Wild Cats Series: The Margay

On July 12, 2014 by Tim Newman

Margay - wild cat - big eyes

The beautiful margay (Leopardus wiedii) lives in dense forests from Argentina to Mexico; unsurprisingly, the margay is on the “near threatened” list.

The margay has a tough time due to loss of habitat and, unfortunately for them, its coat is irresistible to some people idiots. Around 18,000 are killed each year to be made into rugs or whatever. Good one, people idiots.

Margay are similar in appearance to the ocelot (Leopardus pardalis), but have bigger eyes for use during their predominantly nocturnal hunts. They also sport longer legs and tail (up to 70% of its body length) to aid them in their arboreal lifestyle.

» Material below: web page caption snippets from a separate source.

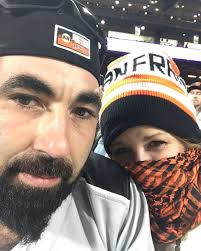 Leah Mark Designs- Hand Crafted Jewelry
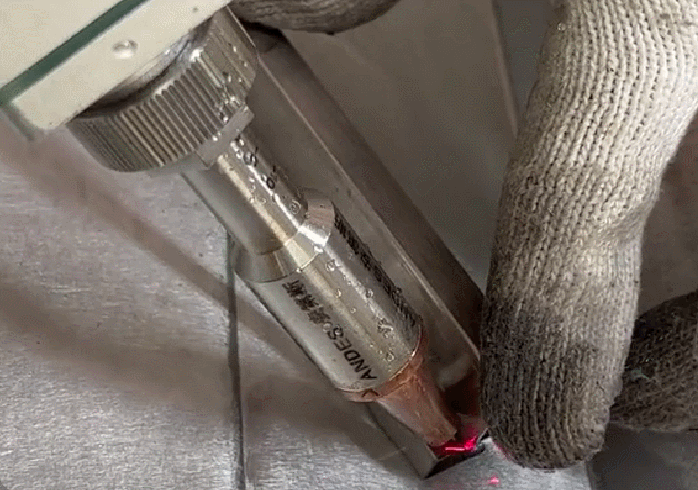 e854199b131c32218f16be00e75bd955.gif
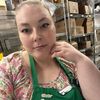 sophiamarie405
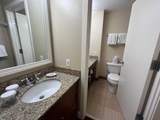357/359, Qtr 2 Grand Summit Way - Photo 9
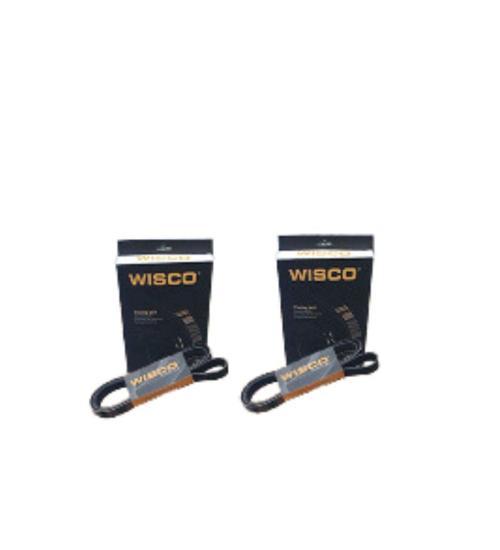 Citroën C5 Jumpy Peugeot 407 307 2.0 HDI V Kayışı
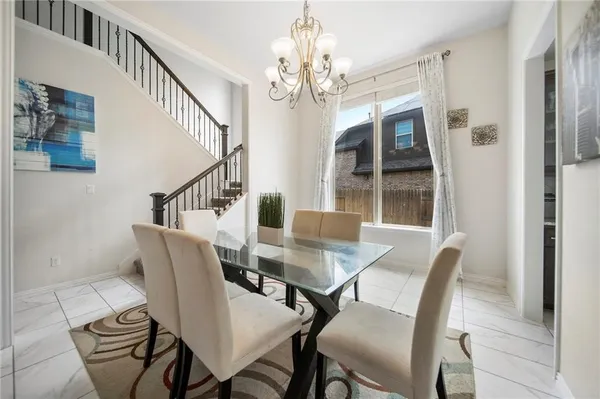 $3,795 | 253 Fannin Battleground Lane, Georgetown, TX 78628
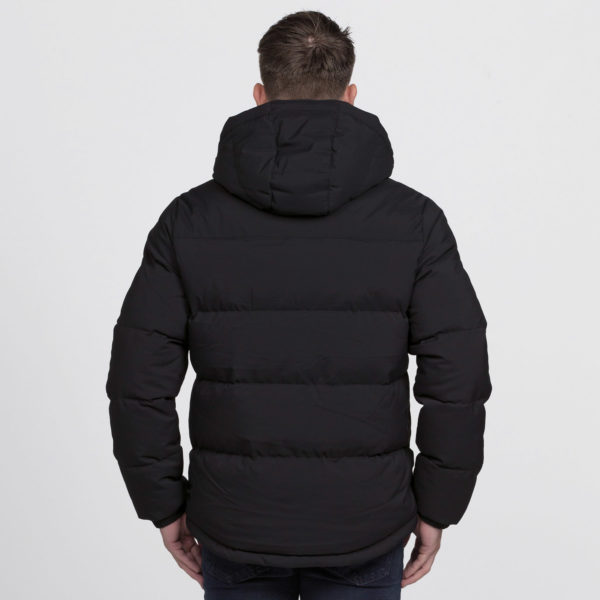 smpli-mens-black-edge-puffa-jacket-back-600x600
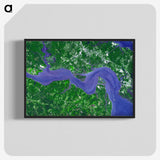 1-59_Earth-from-Above_blk-crop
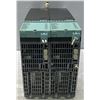 Image 3 : (2) Siemens #6SL3130-6TE21-6AA4 Smart Line Module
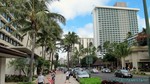 Hawaii-2012-015.jpg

Margay - wild cat - drawing

Margay catch most of their prey at night and in the trees, they’ve even been observed chasing squirrels through the branches, so they’re clearly some very nimble kitties.

Of all known cat species, only the margay and the clouded leopard have flexible enough ankles to enable them to climb down tree trunks face first. They can grasp branches with their back feet just as well as their front feet, and their legs rotate a full 180°. Margay have even been observed hanging from a tree branch by one paw. They’re more primate than cat.

Margay - wild cat - night vision

The margay are around 50 cm long and weigh 2.5-4 kg; amazingly, they can jump 12 feet horizontally. On the nipples front, female margays only have two teats, which is pretty rare in cats.

Margay Cat - Leopardus wiedii

The margay is the first neotropical predator to have been observed mimicking its prey. A group of researchers in Brazil in 2005 heard a margay imitate the sound of a baby tamarin monkey from his hideout spot in a bush. ALthough the researchers referred to the call as a “poor imitation,” the sentinel tamarin was intrigued enough to leave his post and investigate further. In fact, the sentinel was so convinced that he called in some more of his buddies.

A total of five tamarins went to investigate the strange sound from the undergrowth. When the margay broke cover, the tamarin raised the alarm and made good their escape. So the margay was unsuccessful, but what a cunning, wily cat.

Margay - wild cat - night

Jungle dwelling folk have reported margays using this kind of trickery for years, and similarly by jaguars and pumas. This visual evidence of the technique being used corroborates the indigenous population’s stories, so it could well be that this is a whole new area of feline behaviour to study.

Margay Cat - Leopardus wiedii - zoo

The Margay is increasingly rare; it has been hunted for its skin and, of course, deforestation is playing its part. Margay are solitary, only meeting their sparsley distributed bretherin to mate. They generally only produce one kitten every couple of years, and their infantc have a 50% mortality rate. None of this will help them overcome the onslaught of the human.

As with most of the wild cats I have written about over the last few months, their days appear to be numbered and there is only one species to blame.